Phew…glad I got that out of my system. I could go on, though. (i.e. “Startropics” AKA Zelda for MEN, “Ghosts N’ Goblins” AKA The Cake is not only a lie but a F*** You) Really, it’s remarkable that the video game industry ever managed to take off at all considering how much they tortured us back in the day.

But, as I alluded to in other posts, kids were bigger masochists back in the 80s and early 90s. We tolerated more pain and suffering. The one good thing about it is when you did manage to beat a game, you felt fantastic. You felt like you just won the Super Bowl. And since games were so hard and seemed to be keyed in to only be beatable by that one guy whose brain operates in that one way, there was a good chance you were that only dude in school who could beat a game. And that made you a minor “gaming god” in the eyes of everyone else. My personal claim to fame is I beat Mike Tyson in “Mike Tyson’s Punch Out!” without a Game Genie.

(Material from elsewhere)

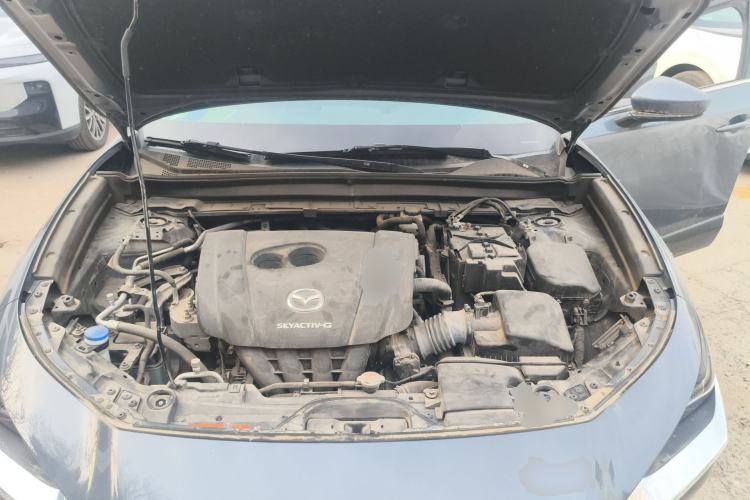 Used Mazda CX-30 2020 2.0L Manual Shangyue Trim Engine Bay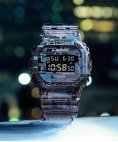 G-Shock The Origin Digital Glitch Relógio Homem DW-5600NN-1ER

Yeah, I’m a badass like that. 🙂

…Don’t ask me to do it again, by the way.

It’s kind of distressing when you think about it, really. Typically, as games get “younger”, they seem to get easier. Usually if a game is too difficult, it’s blamed on the designer as a flaw rather than just “accepted”. I understand that it’s not necessarily a good thing to have games be so damn hard that it takes you a couple days to clear the first level or world, but at the same time they don’t have to become too easy either. A decent amount of challenge is rewarding in its own right, you know. How much glory is there nowadays in satisfying one of those “Achievements” that are touted so high on modern consoles by simply mashing buttons or wiggling a stick?

Well, I could talk more about this, but I’m afraid I need to get going.

They’re doing a Bob Hope marathon at the retirement center.